A brand is the icing on the cake, the queen of the ball, the home run king. It is the defining hallmark of a company, the icon that presents your company on grandma’s great big silver platter. And how about that Xerox (hey, can you Xerox me a copy? Or hand me a Kleenex?) Who were those people who came up with these brilliant monikers that have become just regular, everyday language that we all know what we’re talking about when we ask for one? Were they highly paid ad people or just a one woman/one man show who hit upon them accidentally?
A brand must set you apart from your competition and offer the reasons why a customer should give their business to you. This is very different from a logo or tag line/slogan that was discussed in the previous blog. A brand has the potential to have a powerful impact on your business and your pocketbook. Like Kleenex, you want the consumer to know that they can be confident in your brand so that a loyal customer base starts to build; that they can trust that buying from you is not risky business.

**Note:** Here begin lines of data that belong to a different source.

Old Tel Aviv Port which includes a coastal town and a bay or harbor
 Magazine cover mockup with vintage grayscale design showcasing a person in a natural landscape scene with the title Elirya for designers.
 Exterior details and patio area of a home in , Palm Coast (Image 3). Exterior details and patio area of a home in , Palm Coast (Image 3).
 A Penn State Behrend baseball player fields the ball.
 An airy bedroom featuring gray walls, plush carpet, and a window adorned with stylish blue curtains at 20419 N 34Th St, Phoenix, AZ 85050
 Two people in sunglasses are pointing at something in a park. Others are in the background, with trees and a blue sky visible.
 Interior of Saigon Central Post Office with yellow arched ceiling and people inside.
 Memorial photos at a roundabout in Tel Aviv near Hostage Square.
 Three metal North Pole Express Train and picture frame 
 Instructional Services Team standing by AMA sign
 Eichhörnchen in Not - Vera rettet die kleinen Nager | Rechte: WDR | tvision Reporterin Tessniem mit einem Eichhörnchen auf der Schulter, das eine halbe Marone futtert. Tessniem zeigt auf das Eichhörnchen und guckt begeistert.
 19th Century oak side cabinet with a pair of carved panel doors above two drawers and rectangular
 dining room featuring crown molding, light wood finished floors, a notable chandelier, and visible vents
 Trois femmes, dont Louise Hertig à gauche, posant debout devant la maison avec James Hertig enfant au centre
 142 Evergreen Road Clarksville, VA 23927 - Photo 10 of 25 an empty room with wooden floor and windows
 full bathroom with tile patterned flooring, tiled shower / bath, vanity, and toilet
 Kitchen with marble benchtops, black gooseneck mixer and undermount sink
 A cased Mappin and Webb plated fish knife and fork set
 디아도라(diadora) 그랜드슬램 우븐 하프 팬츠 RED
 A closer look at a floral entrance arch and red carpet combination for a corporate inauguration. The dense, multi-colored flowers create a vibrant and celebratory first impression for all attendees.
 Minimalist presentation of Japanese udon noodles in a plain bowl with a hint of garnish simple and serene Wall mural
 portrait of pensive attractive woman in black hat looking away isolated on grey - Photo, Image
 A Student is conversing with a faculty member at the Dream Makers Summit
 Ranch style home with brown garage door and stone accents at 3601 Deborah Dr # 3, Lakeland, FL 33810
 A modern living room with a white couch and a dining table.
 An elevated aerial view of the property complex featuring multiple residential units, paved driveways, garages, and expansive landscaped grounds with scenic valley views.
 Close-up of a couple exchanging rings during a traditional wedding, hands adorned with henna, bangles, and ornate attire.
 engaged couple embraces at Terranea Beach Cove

I have to believe that most brands are hit upon quite by accident; when during a drive home or a night of insomnia, it…that perfect word or words pops into your.
Here is some information that I hope will help you come up with that perfect, descriptive, one of a kind brand that will help you blaze a trail in the screen printing and graphics printing worlds.
In StartupNation: Open for Business, Step 9, Establishing a Brand, they introduce the concept of a “marching brand”—a consistent, immediately recognizable mental imprint that delivers a clear and compelling message. I took the liberty of shortening the following, but you can always read it in its entirety at Startup.nation.com. Please read on….
Branding consultant and author Karen Post, compares this notion to a “brain tattoo”—put there by choice, but which certainly can be removed at any time. In this step, we look at some of her recommendations and action items for establishing a super brand: 1) draft your brand DNA or essence; 2) define and relate to your target audience; 3) choose a brand name; 4) create a logo; 5) make a list of all your other touch points; 6) create a demand for your brand
Draft your Brand DNA or Essence—Purpose, Points of Difference, Personality, Promise: This is the foundation for everything you do and should guide your business, marketing, and communication decisions. But at the end of the day, you should clearly define:
Your brand purpose: a logical snapshot of what you provide the market.
- Your brand points of difference: things that are truly distinct that your competitors can’t copy. While great customer service is important, it’s not a point of difference; many of your competitors will claim the same thing. A point of difference can include a visual symbol, story, color scheme, proprietary process or product, historic milestone, physical characteristic, or combination of several of these.
- Your brand personality: a collection of human-like traits and adjectives that best describe your brand.
- Your brand promise: the emotional side of your purpose. If you were a tailor, your purpose would be to make and alter clothes and your promise would be to give people confidence when their clothing fits just right.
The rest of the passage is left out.